What we think is a likely guess:
- Firstly, it was a DNS attack. Perhaps this guess is more of an assumption than something we think is a likely guess.It is evident that the authoritative name servers of certain domain names were the target of this attack, and it is certainly possible that it could’ve been a ping attack or any other form of IP packets that attempt to saturate the network resources close to the locations of the authoritative name servers.But let’s proceed here with the assumption that the attack was one that attempted to overwhelm a collection of DNS name servers with a set of otherwise quite conventional DNS queries. What would’ve been different about this activity that would make it an attack was the volume of such queries, and the span of endpoints generating such queries.
- The attack was based on sending “normal” DNS queries. This was evidently not a cause of using a crafted query that exercised some supposed vulnerability in the DNS infrastructure, but simply a case of sending a large volume of otherwise quite conventional queries.
- The attack was directed at the authoritative name servers for a set of target domain names.
- The previous assumption would indicate that the queries were like random-label.target-name.
- The attack was reported to use cameras and other bits and pieces of Internet-connected cruft and co-opted them to launch DNS queries.
What we don’t know:
- We don’t know if all the co-opted devices were discoverable on the public IPv4 space or were located behind NATs, but it probably doesn’t matter. The reported number of such devices (some “10s of millions”) would tend to suggest that the pool of devices lie predominately behind NATs. However, I have to observe that this is a very large number and it does present some plausibility issues with the report.

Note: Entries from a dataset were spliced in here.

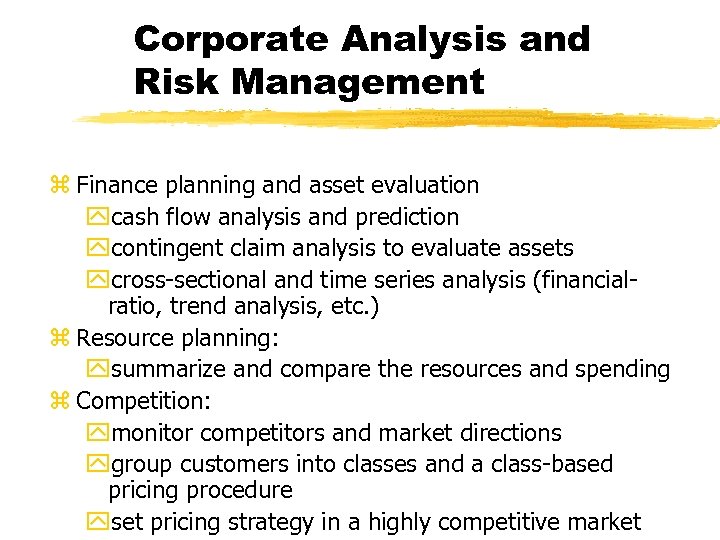 Corporate Analysis and Risk Management z Finance planning and asset evaluation ycash flow analysis
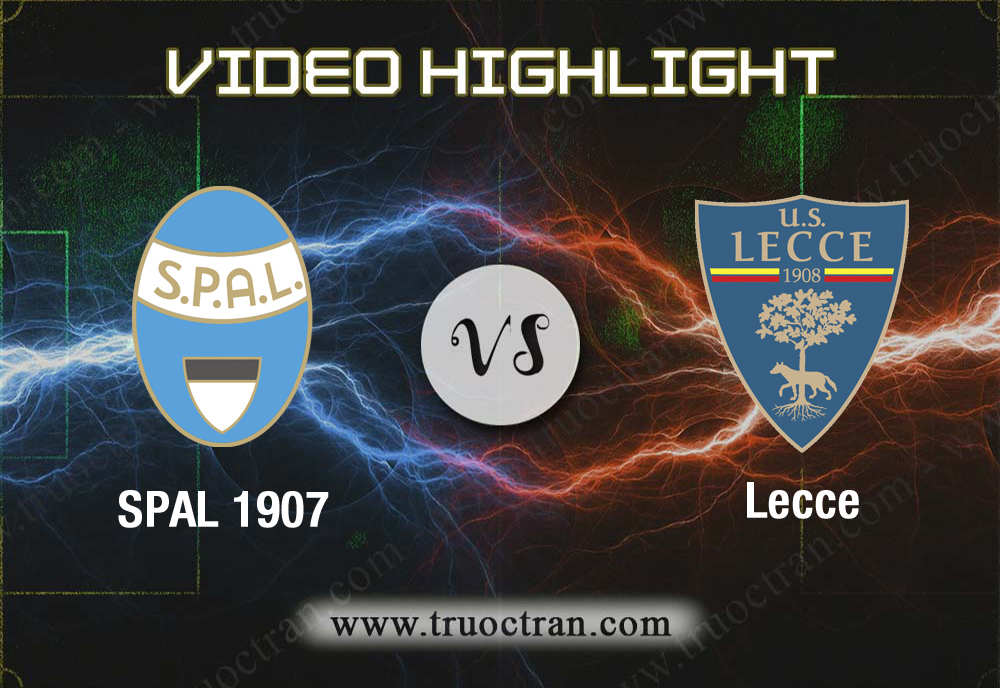 Video Highlight: SPAL 1907 & Lecce – VĐQG Italia – 26/9/2019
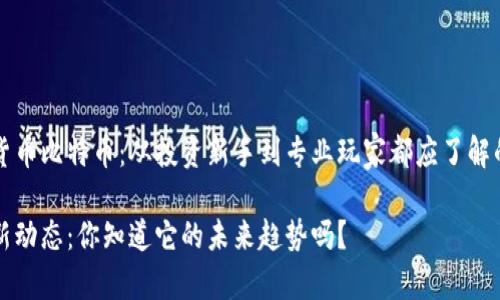 播报加密货币比特币：从投资新手到专业玩家都应了解的前沿动态

比特币最新动态：你知道它的未来趋势吗？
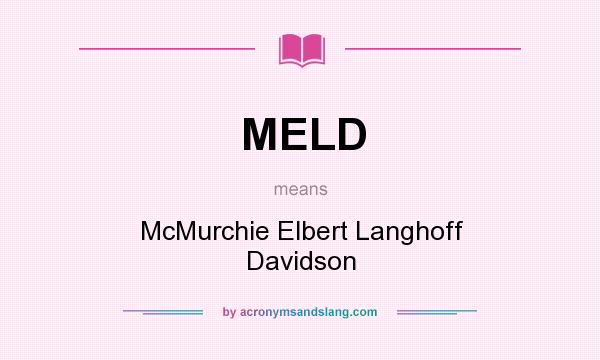 What does MELD mean? It stands for McMurchie Elbert Langhoff Davidson
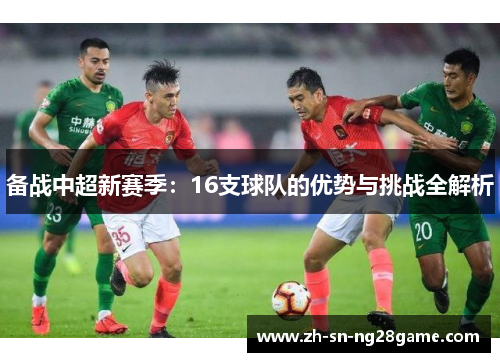 备战中超新赛季：16支球队的优势与挑战全解析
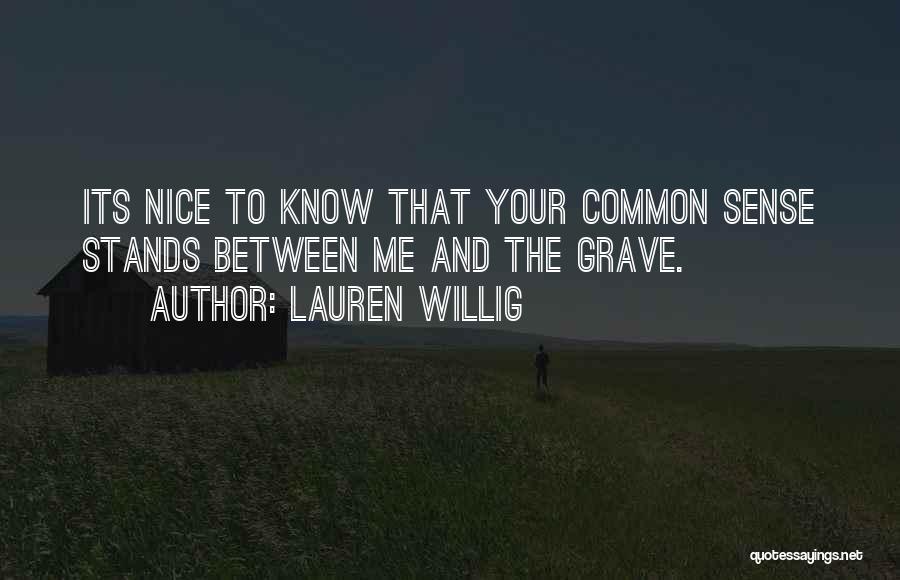 Lauren Willig Quotes: Its Nice To Know That Your Common Sense Stands Between Me And The Grave.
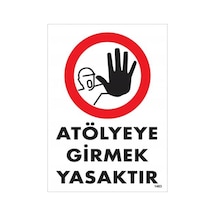 Atölyeye Girmek Yasaktır Uyarı Levhası 25X35 Kod:1483 (475961217)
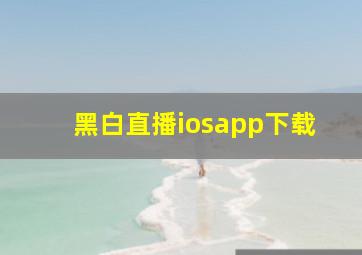 黑白直播iosapp下载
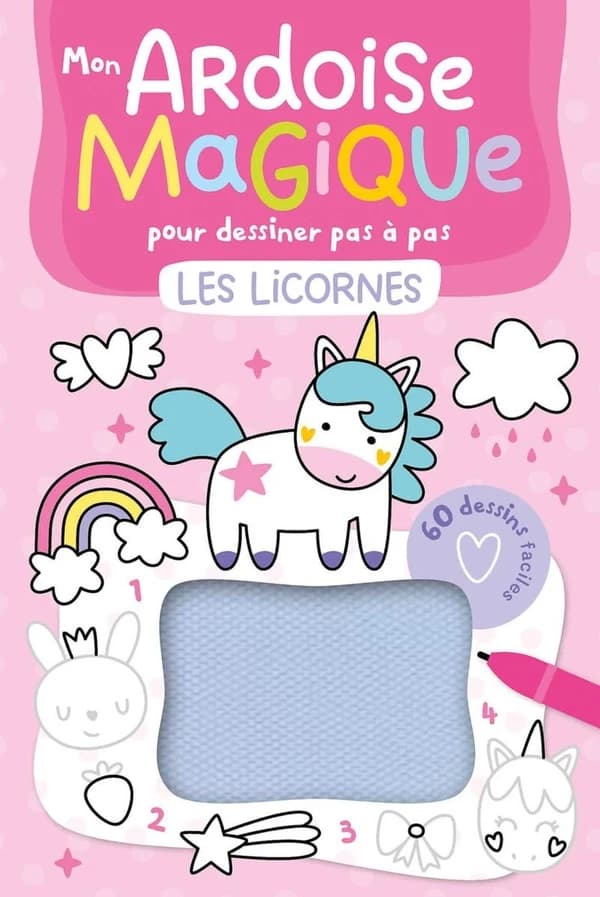 Mon livre d'activités : Mon ardoise magique pour dessiner pas à pas les licrones : 60 dessins faciles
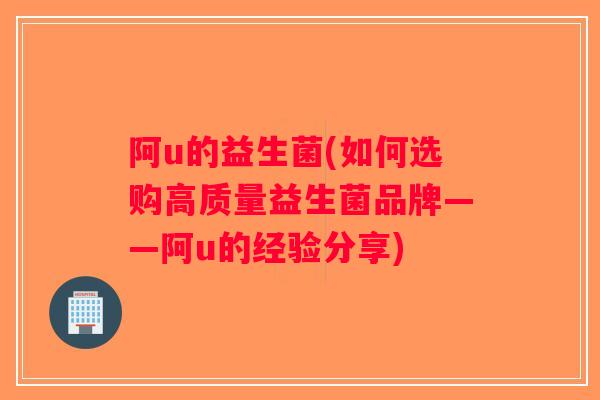 阿u的益生菌(如何选购高质量益生菌品牌——阿u的经验分享)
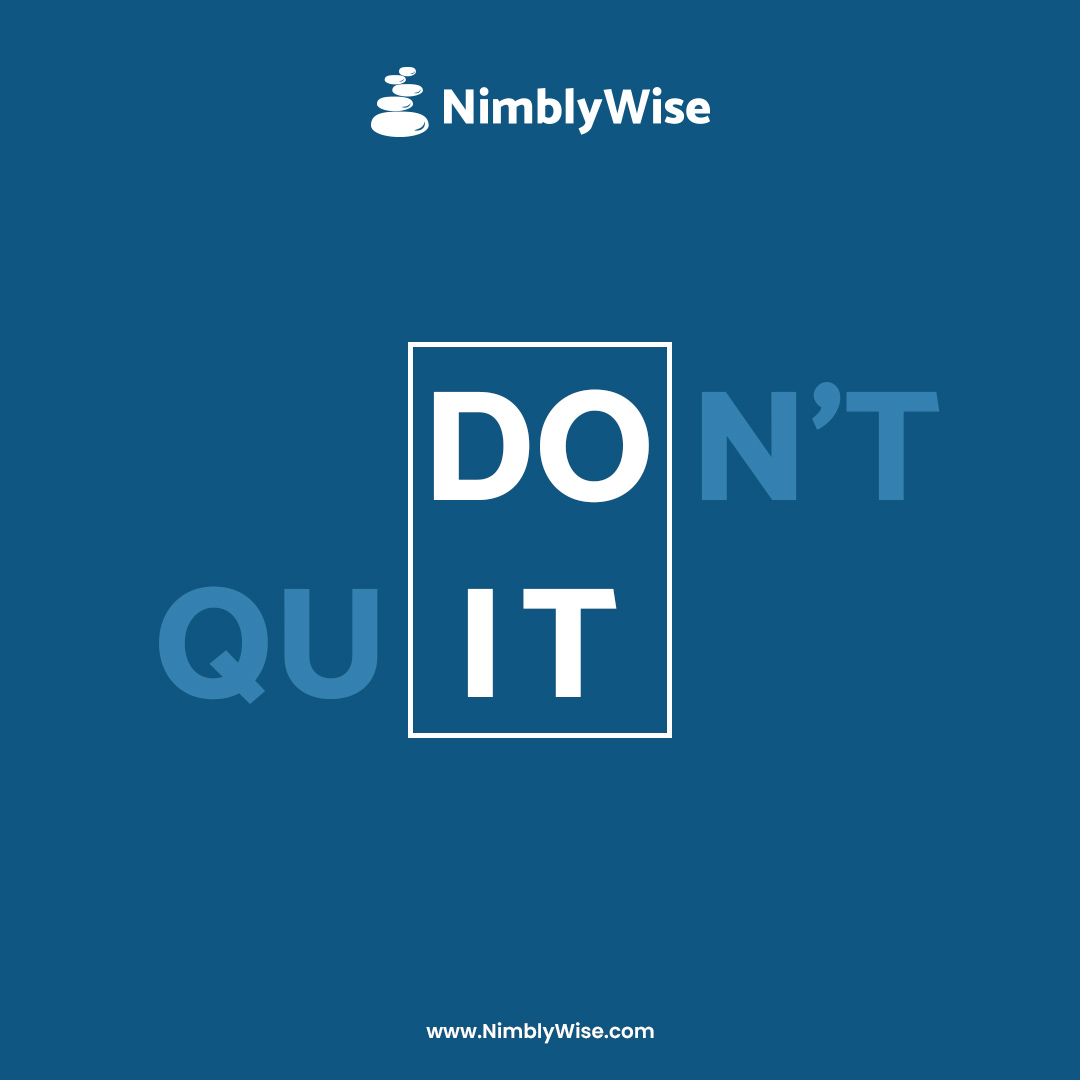 Take a step back, breathe, and recalibrate. You didn’t get this far by giving up.

And if you need a bigger push for your career growth? The coaches here at NimblyWise are ready to get you started on the right foot: nimblywise.com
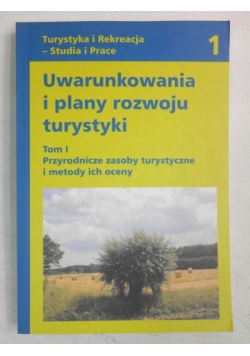Uwarunkowania i plany rozwoju turystyki, Tom I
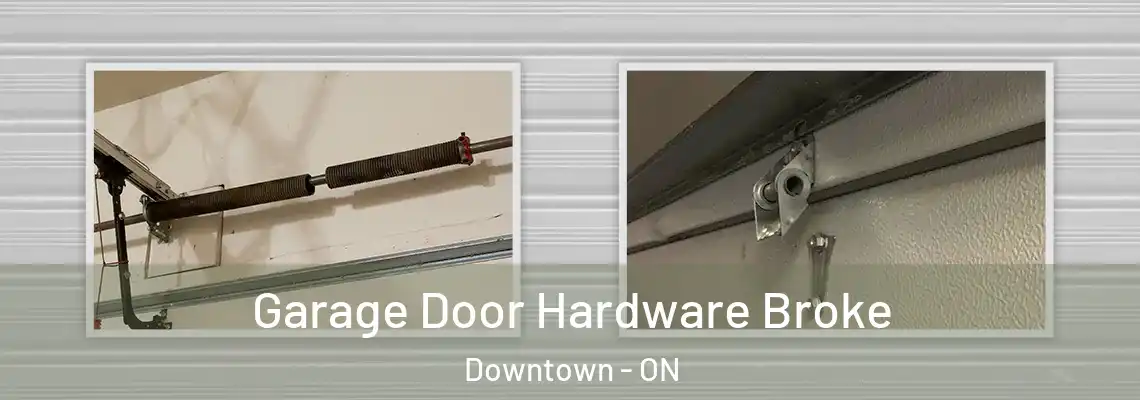 Garage Door Hardware Broke Downtown - ON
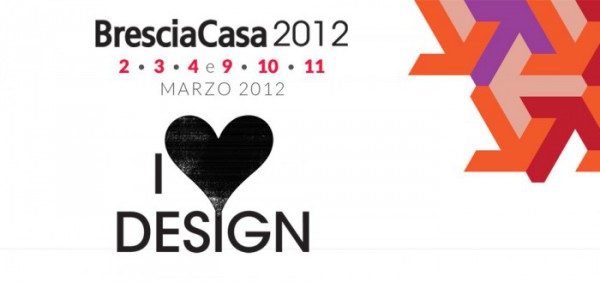 Brescia Casa Design 2012: fiera dell'arredamento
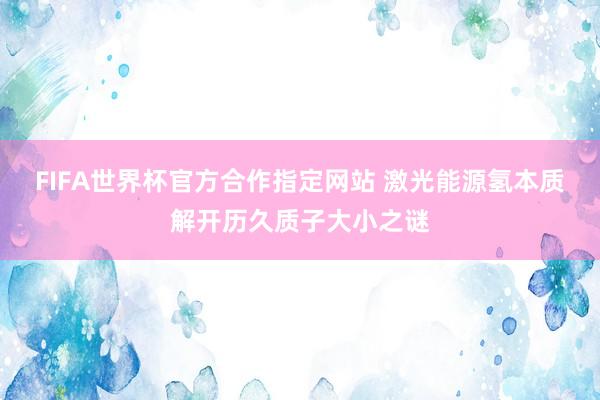 FIFA世界杯官方合作指定网站 激光能源氢本质解开历久质子大小之谜
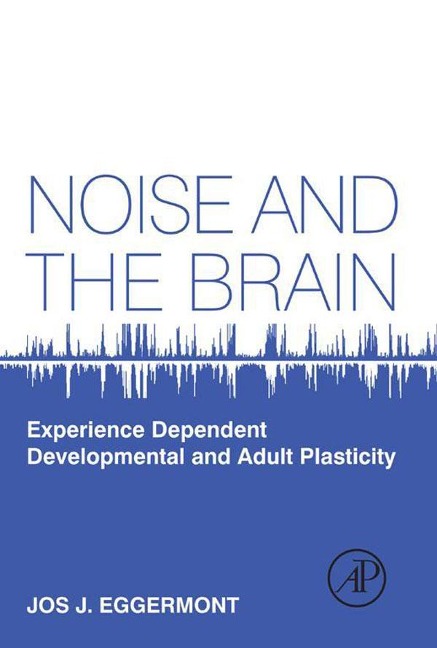 Noise and the Brain - Jos J. Eggermont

- We don’t know if the script included source address spoofing or not. We think not, as the NAT assumption above would tend to say that this is an attack where the source address cannot be readily spoofed.
- We don’t know if the attack used normal DNS infrastructure and made DNS queries via recursive name servers, or whether they were scripted to directly query particular authoritative name servers. Getting a device to pull down a particular URL is all part of a bot command and control channel. So, at the very least, you need to have the device perform a URL fetch upon command. In this case, that basic ability is enough for such an attack. Explicitly scripting the device to perform a query directly to an authoritative name server requires further access to the particular tool or library call that allows this crafting of a DNS query, and this may not be an option on all these co-opted devices.The first statement released by Dyn said: “We observed 10s of millions of discrete IP addresses associated with the Mirai botnet that were part of the attack”. If the attack used the conventional recursive resolver infrastructure, then such direct observations from the authoritative name server would not be possible, as all they would see is a large query volume from the usual set of recursive resolvers that handle all other DNS query traffic. So, the claim from Dyn that they directly observed some 10s of millions of discrete IP addresses would tend to suggest that the co-opted devices were communicating directly with the authoritative name servers and passing their queries directly to them, rather than via the recursive resolver infrastructure.
- We don’t know what DNS query type was being used in this attack (A, AAAA, ANY, or any other query type). We can assume that the simplest attack is a brute force attack with minimal device-scripting. So, the co-opted device might well just send an A query type.
- We don’t know if the queries specified EDNS(0) DNSSEC OK or any form of DNS options or padding to increase the size or complexity of the query or its answer. If the aim is to exhaust the resources of the authoritative name server, then query options might well have been used. But again this requires additional capabilities in the attack script being run on the compromised devices.
What we can guess:
- We guess that this was a relatively simple script or set of scripts running on a large volume of co-opted devices without necessarily requiring a sophisticated root-kit or other specialised penetration code running on the compromised device. It’s likely to be a simple exploit.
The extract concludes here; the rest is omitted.